- Collected data:
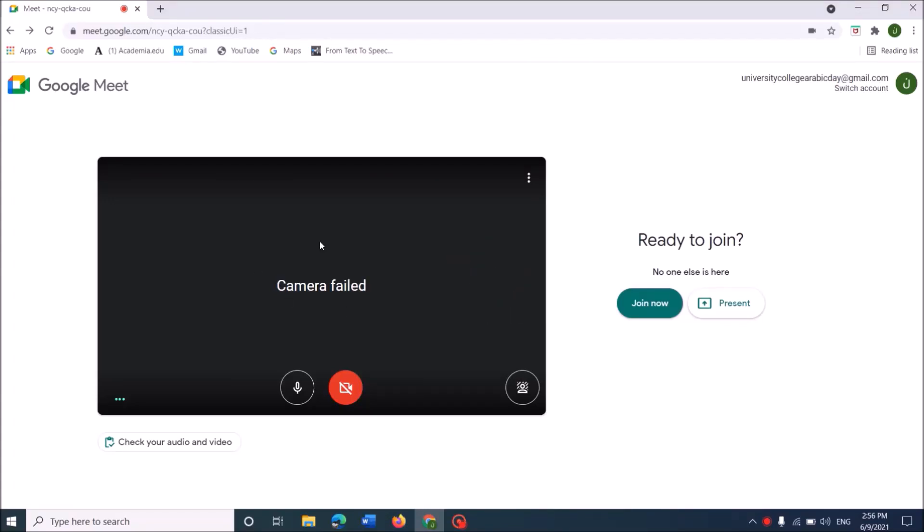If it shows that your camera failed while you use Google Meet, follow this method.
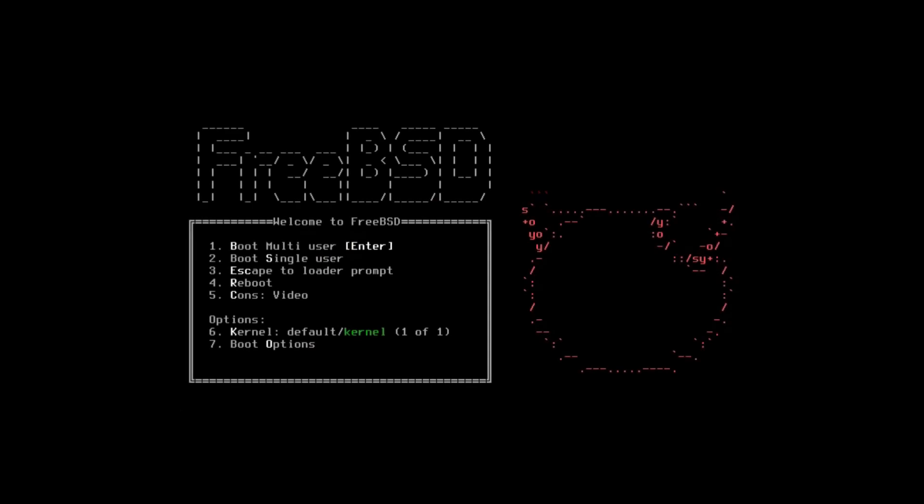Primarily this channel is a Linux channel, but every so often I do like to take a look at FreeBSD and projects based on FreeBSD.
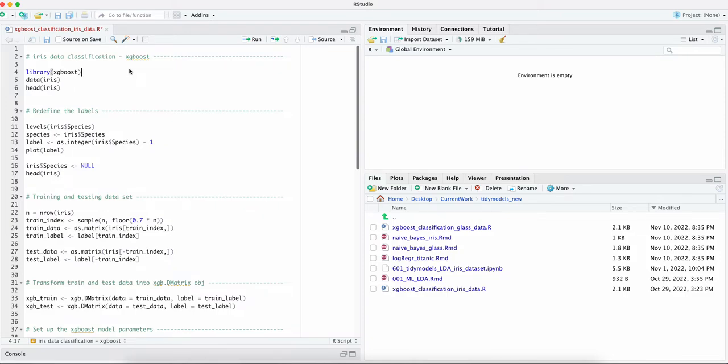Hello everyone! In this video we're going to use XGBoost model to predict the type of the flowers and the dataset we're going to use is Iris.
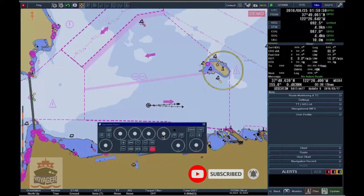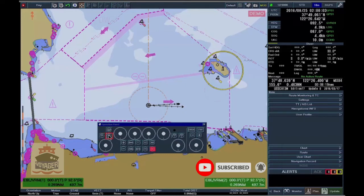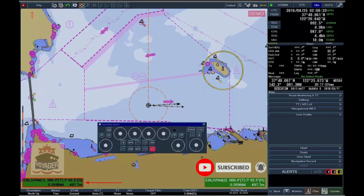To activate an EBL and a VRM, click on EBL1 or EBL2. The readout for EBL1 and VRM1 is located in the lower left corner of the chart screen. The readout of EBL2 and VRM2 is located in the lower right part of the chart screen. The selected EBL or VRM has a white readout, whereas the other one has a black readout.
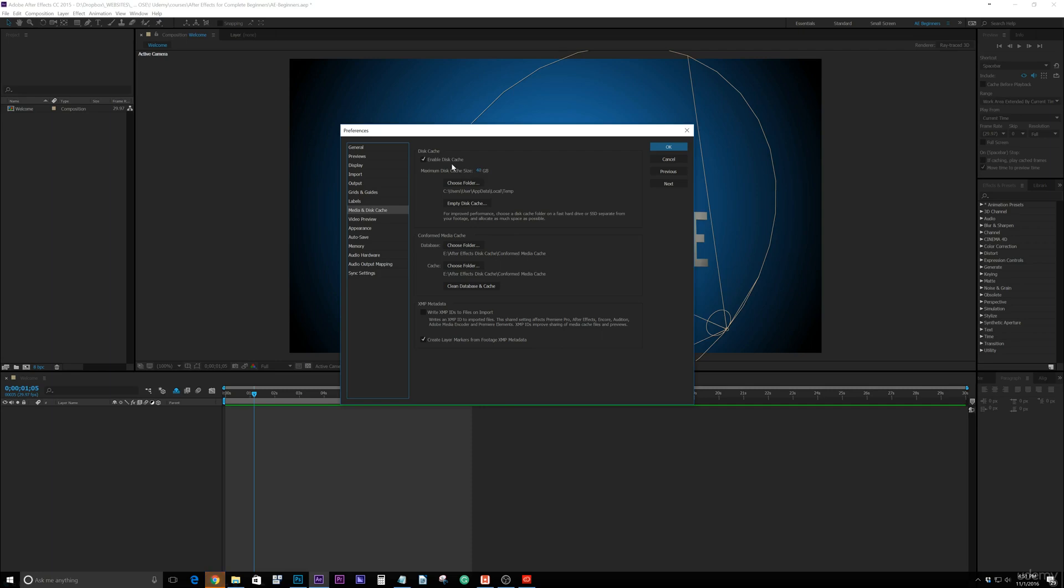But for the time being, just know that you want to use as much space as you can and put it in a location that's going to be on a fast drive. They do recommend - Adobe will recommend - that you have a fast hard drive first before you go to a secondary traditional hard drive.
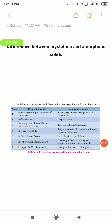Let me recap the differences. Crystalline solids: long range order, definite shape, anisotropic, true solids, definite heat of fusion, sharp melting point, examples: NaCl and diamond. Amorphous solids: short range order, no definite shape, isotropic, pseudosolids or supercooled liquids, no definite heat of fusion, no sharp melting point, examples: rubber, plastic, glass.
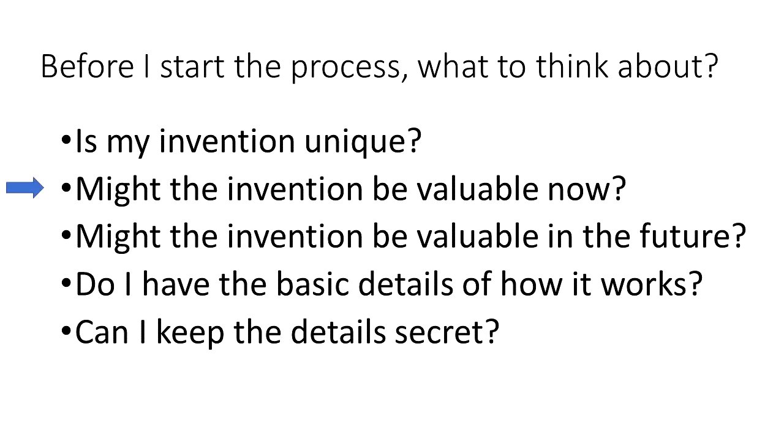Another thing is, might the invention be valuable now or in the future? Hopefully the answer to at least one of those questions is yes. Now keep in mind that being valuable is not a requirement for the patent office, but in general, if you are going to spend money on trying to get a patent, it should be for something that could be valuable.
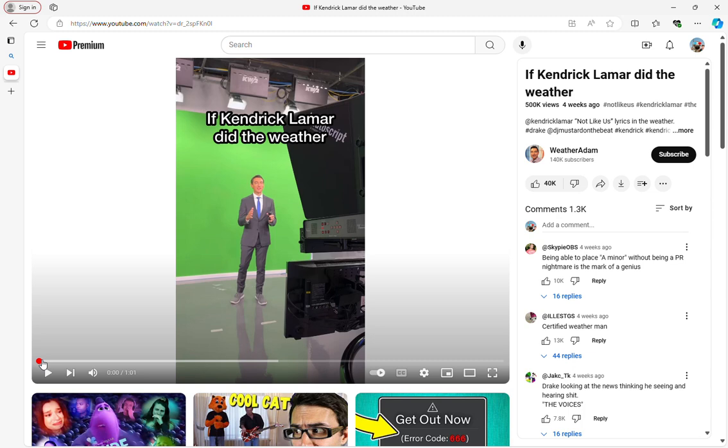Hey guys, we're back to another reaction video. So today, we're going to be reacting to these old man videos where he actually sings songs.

- PROBLEM STATEMENT: Please set down, exactly and with no pictures, the lines in the entries above starting at the one holding "But for the" and ending at the one holding "Let me recap", ends included.

- YOUR RESPONSE:
But for the time being, just know that you want to use as much space as you can and put it in a location that's going to be on a fast drive. They do recommend - Adobe will recommend - that you have a fast hard drive first before you go to a secondary traditional hard drive.
Let me recap the differences. Crystalline solids: long range order, definite shape, anisotropic, true solids, definite heat of fusion, sharp melting point, examples: NaCl and diamond. Amorphous solids: short range order, no definite shape, isotropic, pseudosolids or supercooled liquids, no definite heat of fusion, no sharp melting point, examples: rubber, plastic, glass.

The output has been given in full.